In 1880 he founded the "Fritz Gurlitt Gallery" in Berlin. The gallery was located at Behrenstraße 29 (29 Behren Street), and specialised in contemporary art. Differences have arisen over the correct name of the business, which is identified sometimes as a "gallery" ("Galerie"), sometimes as an "art dealership" ("Kunsthandlung") and sometimes as an "art salon" ("Kunst-Salon"). Artists whom he backed included Arnold Böcklin and Anselm Feuerbach. In 1886, he was mandated to take charge of the "Jubilee Exhibition", described as the "first international art exhibition in Berlin". The well-regarded novelist Theodor Fontane probably owed much of his knowledge of Böcklin to Fritz Gurlitt. Other artists who in large measure owed their reputations to the Gurlitt Gallery include Wilhelm Leibl, Hans Thoma, Max Liebermann, Lesser Ury, Franz Skarbina and Clara Siewert.

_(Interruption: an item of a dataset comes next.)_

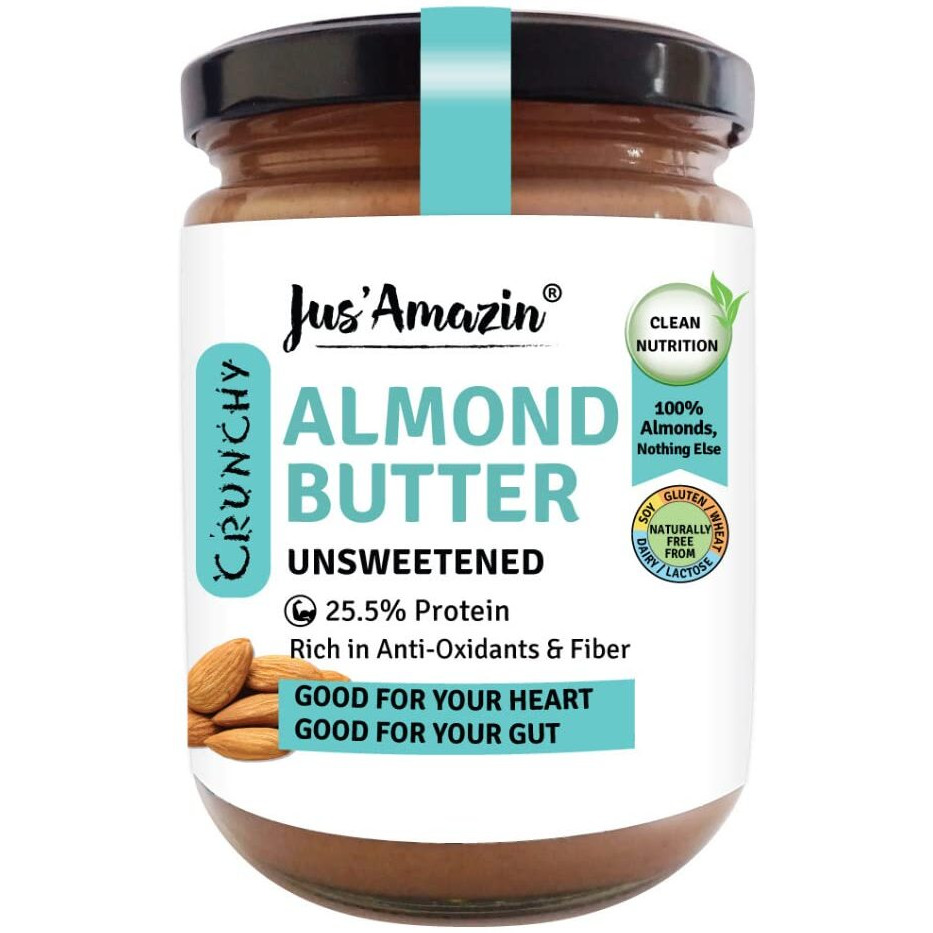 Jus Amazin Crunchy Almond Butter - Unsweetened (500 Gm)|25% Protein|Whole Almonds (100% Pure)|Zero Additives|100% Natural|Vegan|Dairy Free|Keto|Plant Based Nutrition|Clean Nutrition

Fritz Gurlitt died suddenly on 8 February 1893 as a result of the syphilis from which he suffered. In the immediate term, the Fritz Gurlitt Gallery was relocated to an address in the "Leipzigerstrasse" ("Leipzig Street"), but in other respects continued to operate as before, apparently under the direction of Carl Steinbart, an art collector and banker who had been a friend of Gurlitt's. In 1907, when Wolfgang Gurlitt, the elder son of Fritz, reached the age of 19, he took on the gallery which retained its focus on contemporary art: there are suggestions that Wolfgang was more commercially astute than his father had been. In the end the gallery closed down, during the Second World War, in 1942.

==Family==
Fritz Gurlitt married Annarella Imhoff (1858–1935) in 1881. Her father was the Swiss sculptor Heinrich Max Imhof, who had by this time lived in Rome, ostensibly on account of his health, for many years. Fritz and Annarella married in Rome. Contemporary sources indicate that the marriage resulted in four recorded children as follows:
- Angelina (1882–1962) who married Sigmund von Weech
- Margarete (1885–?)
- Wolfgang (1888–1965) art dealer
- Manfred (1890–1972) composer, especially of operas, and orchestral conductor

After the Nazis took power people were persuaded to investigate their ancestry and "demonstrate" that none of their four grandparents were Jewish. This was particularly important for anyone with a job in public service and / or a high-profile public position. Manfred Gurlitt had a high profile as an opera conductor whose performances were frequently broadcast on national radio. He joined the Nazi Party on 1 May 1933. On 4 May 1937 his party membership was nullified on account of his Jewish provenance, presumably on account of his paternal grandmother, Elisabeth Lewald/Gurlitt. Information on his Nazi Party connections during the intervening four year is incomplete, but a number of sources from the period indicate that his father was not Fritz Gurlitt but his mother's lover, Willi Waldecker. The idea was not totally preposterous, since Manfred was only 3 when his father died, and his mother did subsequently marry Willi Waldecker. Towards the end of the 1930s Manfred Gurlitt relocated to Japan where he enjoyed a career based in Tokyo as a conductor of western music.